Traditional Medicine Approach to Treating Vaginismus.

 

According to traditional medicine, the primary cause of vaginismus is a woman's emotional state. Thus, efforts should focus on alleviating anxiety during sexual activity. Aromatherapy using scents such as jasmine, ginger, strawberry extract, and vetiver before and during intercourse can help restore a woman's lost energy and induce calm, thereby preventing involuntary vaginal contractions. Additionally, the use of herbal creams containing muscle-relaxing properties can effectively alleviate vaginal constriction.

 

When should I seek medical attention?

 

Sexual disorders can strain marital relationships; thus, timely treatment can greatly benefit a marriage or partnership. Remember, there's no need to feel ashamed, and discussing your feelings and concerns about sex with your partner can help ease anxiety.

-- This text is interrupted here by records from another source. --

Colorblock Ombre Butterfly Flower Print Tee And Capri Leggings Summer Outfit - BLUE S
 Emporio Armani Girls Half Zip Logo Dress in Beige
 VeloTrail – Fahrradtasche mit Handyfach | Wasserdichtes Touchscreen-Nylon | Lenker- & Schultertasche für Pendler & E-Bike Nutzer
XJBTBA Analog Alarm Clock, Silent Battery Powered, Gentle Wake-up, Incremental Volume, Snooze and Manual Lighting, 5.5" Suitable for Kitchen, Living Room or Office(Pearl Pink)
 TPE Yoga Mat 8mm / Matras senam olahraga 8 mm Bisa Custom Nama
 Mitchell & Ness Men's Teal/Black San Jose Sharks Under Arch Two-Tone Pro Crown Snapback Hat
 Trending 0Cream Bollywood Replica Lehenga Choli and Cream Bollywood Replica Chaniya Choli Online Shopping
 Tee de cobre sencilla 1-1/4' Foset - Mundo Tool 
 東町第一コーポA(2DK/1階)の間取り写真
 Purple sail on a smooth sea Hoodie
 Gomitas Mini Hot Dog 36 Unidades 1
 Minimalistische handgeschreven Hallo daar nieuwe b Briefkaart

Your doctor or therapist can offer strategies to overcome vaginismus. Fortunately, many patients experience successful treatment and go on to enjoy a fulfilling sex life. If you experience symptoms such as painful intercourse accompanied by burning or stinging sensations, vaginal redness post-intercourse or after using a tampon, it's essential to schedule consultation sessions with a gynecologist or obstetrician.